Da Vinci Code Proven Wrong
As read in a NY Times story, Japan is proud home of Christ's tomb ....
IN A paddy-lined valley in the far north of Japan is a municipal signpost inscribed: “Tomb of Christ: next left.” .... For two millennia the farming village of Shingo claims to have protected a tradition that Jesus spent most of his life in Japan. The village is the home of Sajiro Sawaguchi, a man in his eighties who claims to be a direct descendant of Jesus .... The claim is widely believed. About 40,000 Japanese visit the site every year .... According to the account in the Christ Museum next to the tombs, Christ arrived in Japan at the age of 21 and learnt Japanese before returning to Judaea 12 years later to engage in his mission and preach about the “holy land of Japan”. The official Shingo history is that Jesus’s place on the Cross was “casually” taken by his brother, leaving Christ free to return to Japan. On his return he fell in love with Miyuko, a local girl, and lived happily with his family among the rice fields until dying aged 106.
Dan Brown got it wrong ... Jesus' descendants are not Merovingian after all :-)
5 Comments:
:-)).I heard at TV an Indian guru saying that Jesus was in India before preaching in his natal land...and that he did not died on the cross because he knew yoga techniques.Of course that he returned in India to spend the rest of his life.

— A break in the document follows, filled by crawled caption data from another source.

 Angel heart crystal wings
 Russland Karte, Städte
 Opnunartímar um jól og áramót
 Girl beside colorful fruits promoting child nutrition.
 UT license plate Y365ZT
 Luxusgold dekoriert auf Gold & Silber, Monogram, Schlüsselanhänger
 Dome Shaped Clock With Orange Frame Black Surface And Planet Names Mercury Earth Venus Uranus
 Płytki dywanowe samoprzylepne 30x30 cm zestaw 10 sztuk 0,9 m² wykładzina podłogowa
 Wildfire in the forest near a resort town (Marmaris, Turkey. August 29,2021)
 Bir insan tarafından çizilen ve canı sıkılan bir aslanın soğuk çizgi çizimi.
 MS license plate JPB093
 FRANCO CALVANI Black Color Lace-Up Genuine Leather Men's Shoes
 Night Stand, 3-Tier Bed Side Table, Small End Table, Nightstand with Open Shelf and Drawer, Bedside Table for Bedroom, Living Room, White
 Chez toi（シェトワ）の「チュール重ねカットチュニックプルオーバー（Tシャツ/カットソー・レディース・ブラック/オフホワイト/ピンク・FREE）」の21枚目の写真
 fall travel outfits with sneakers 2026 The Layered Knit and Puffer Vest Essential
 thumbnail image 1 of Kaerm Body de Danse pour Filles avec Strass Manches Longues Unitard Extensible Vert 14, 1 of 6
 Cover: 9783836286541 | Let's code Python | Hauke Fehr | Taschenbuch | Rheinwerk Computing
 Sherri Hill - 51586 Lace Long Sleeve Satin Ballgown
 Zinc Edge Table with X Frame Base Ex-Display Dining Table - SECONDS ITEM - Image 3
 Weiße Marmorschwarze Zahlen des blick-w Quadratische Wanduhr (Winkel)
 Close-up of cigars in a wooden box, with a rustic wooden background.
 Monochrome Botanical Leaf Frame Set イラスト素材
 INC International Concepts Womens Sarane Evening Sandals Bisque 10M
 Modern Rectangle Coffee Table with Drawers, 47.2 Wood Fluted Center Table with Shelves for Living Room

In the place of Dan Brown I would have opted for this variant.:-))
In Islamic and Sufi traditions, it is said that Jesus didn't die on the cross, that the cruxifiction was an illusion of sorts, after which he travelled to the far east, into china and beyond. There are supposedly shrines and such throughout afganistan and other places which claim to have been stopping places for his journey, or so I am told.
It is funny, but it does alert us to the diversity of traditions there are out there (Kevin's comment is interesting in this regard).
Crystal, the link to the NYT article didn't work. Can you fix that?
Paula - yes, I've heard that too. I think there's a book about Jesus' time in India ... interesting but strange.
Kevin - I found a Wikipedia link to the supposed tomb of Jesus in Kashmir :-)
Liam - here's the original link - link 1 and here's another one, in case that one doesn't work ... link 2
Thanks, Crystal, that one worked.
I see the "tradition" started only in 1935. Hmmm...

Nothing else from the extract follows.